WORK TO COMPLETE: Report each line of the data that contains the string "Black".

▬▬▬▬▬▬

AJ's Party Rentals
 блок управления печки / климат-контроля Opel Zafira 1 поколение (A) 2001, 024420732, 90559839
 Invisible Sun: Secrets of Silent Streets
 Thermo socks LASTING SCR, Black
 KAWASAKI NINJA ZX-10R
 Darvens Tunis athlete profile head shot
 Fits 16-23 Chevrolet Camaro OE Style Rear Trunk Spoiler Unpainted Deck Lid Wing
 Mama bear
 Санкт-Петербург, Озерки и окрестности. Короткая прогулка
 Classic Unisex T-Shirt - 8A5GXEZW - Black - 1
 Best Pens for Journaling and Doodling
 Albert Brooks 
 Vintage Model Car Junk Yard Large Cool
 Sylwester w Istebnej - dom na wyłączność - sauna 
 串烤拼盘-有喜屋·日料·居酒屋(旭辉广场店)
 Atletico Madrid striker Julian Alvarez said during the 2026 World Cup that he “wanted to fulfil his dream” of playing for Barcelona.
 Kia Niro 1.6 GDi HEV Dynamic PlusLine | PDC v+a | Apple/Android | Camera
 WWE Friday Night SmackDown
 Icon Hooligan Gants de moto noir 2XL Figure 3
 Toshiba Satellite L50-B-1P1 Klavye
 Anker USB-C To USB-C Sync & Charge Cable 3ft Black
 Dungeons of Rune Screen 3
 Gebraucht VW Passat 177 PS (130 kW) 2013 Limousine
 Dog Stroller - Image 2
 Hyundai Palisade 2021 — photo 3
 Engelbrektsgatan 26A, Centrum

▬▬▬▬▬▬

RESPONSE BOX:
 Thermo socks LASTING SCR, Black
 Classic Unisex T-Shirt - 8A5GXEZW - Black - 1
 Anker USB-C To USB-C Sync & Charge Cable 3ft Black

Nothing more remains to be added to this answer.